┌─ Records for this task
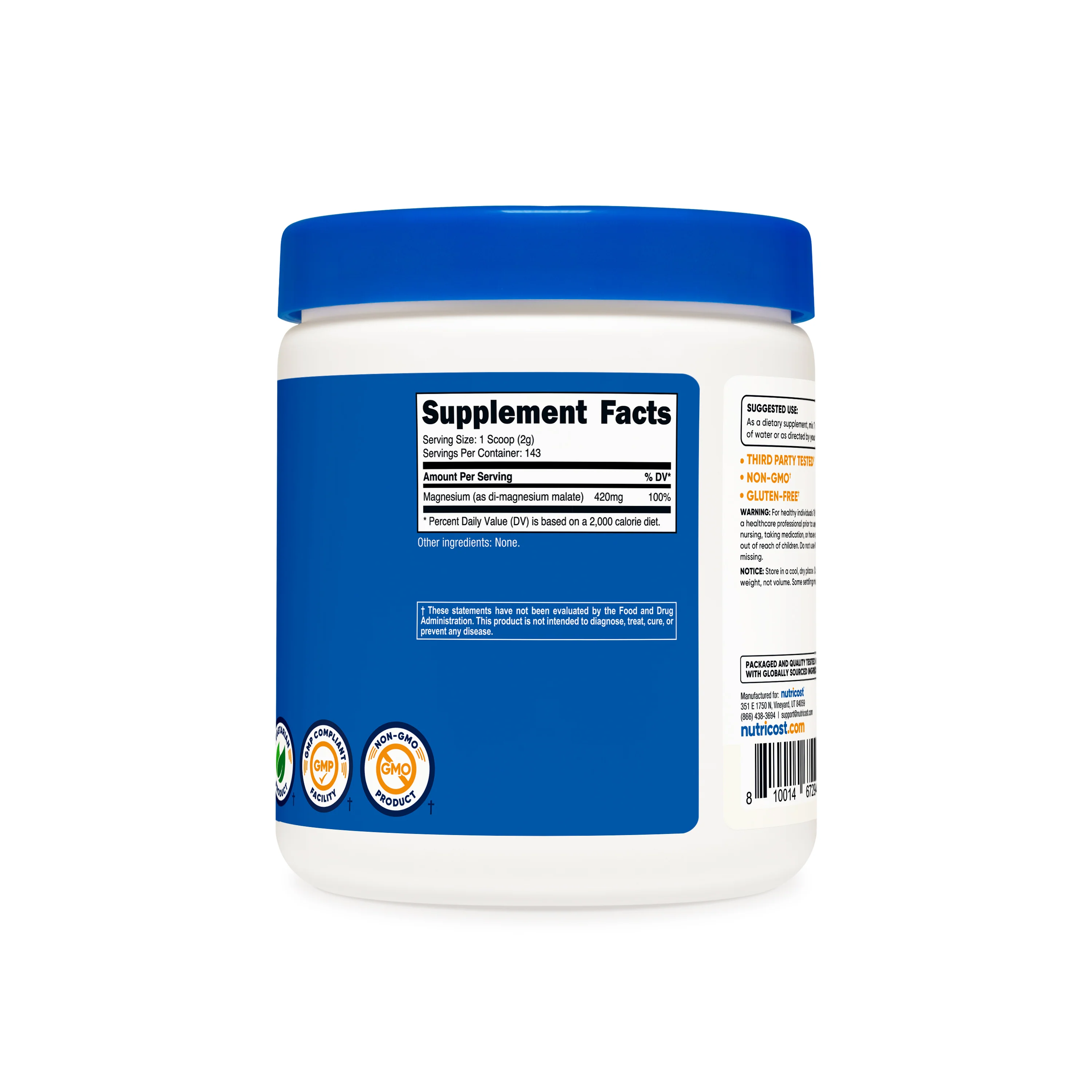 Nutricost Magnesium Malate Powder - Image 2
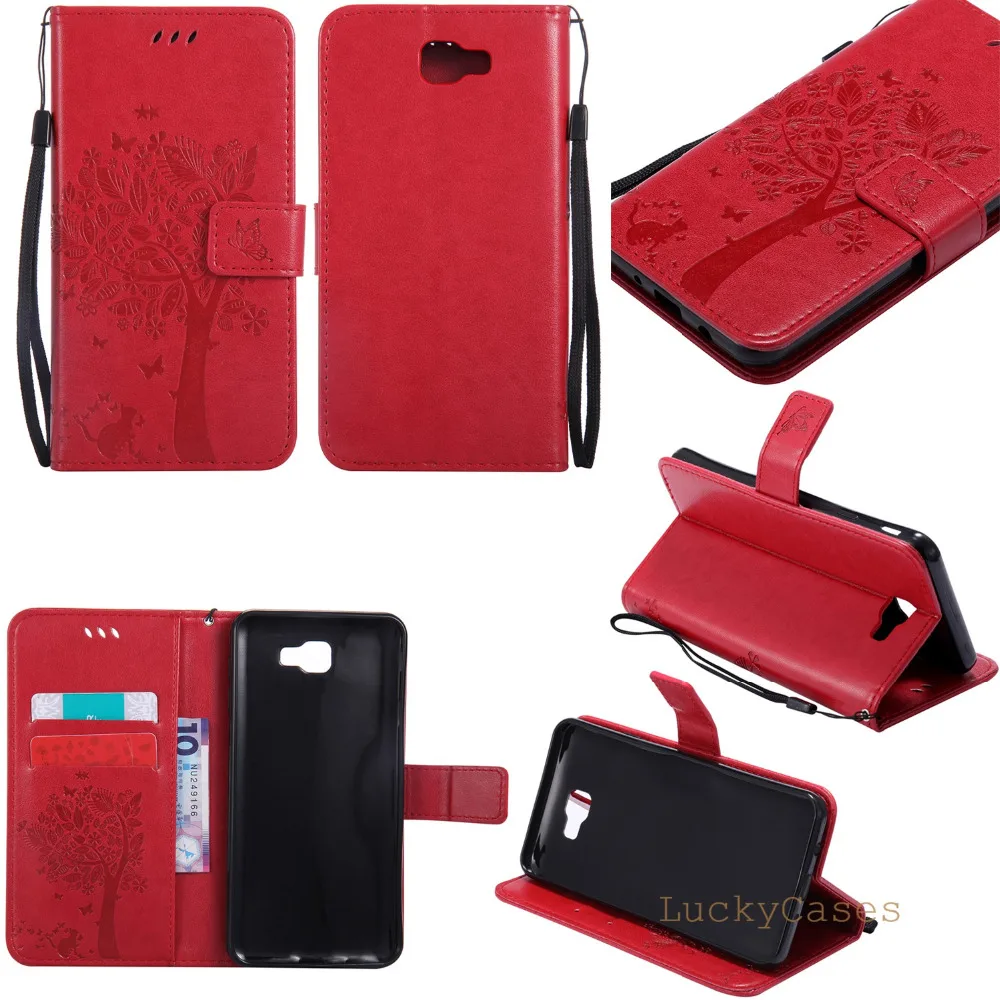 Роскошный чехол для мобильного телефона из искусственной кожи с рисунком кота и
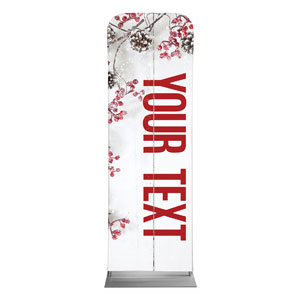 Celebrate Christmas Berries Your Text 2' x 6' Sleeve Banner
└─
┌─ Records for this task
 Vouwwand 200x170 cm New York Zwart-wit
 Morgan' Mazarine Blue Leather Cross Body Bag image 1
└─
┌─ Records for this task
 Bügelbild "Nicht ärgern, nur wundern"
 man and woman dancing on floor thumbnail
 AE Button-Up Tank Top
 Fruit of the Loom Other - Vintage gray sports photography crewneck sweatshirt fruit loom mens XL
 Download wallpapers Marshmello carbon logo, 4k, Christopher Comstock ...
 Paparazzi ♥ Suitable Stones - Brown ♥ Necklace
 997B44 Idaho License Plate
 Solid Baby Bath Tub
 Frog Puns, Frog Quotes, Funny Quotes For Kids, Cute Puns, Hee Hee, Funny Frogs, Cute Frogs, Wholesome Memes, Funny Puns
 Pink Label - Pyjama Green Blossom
└─
**Directions:** Only one stretch of the data above is needed. Restate it word for word, from the line containing "Paparazzi ♥ Suitable" through the line containing "Pink Label - Pyjama Green Blossom", both ends included.

**Response area:**
 Paparazzi ♥ Suitable Stones - Brown ♥ Necklace
 997B44 Idaho License Plate
 Solid Baby Bath Tub
 Frog Puns, Frog Quotes, Funny Quotes For Kids, Cute Puns, Hee Hee, Funny Frogs, Cute Frogs, Wholesome Memes, Funny Puns
 Pink Label - Pyjama Green Blossom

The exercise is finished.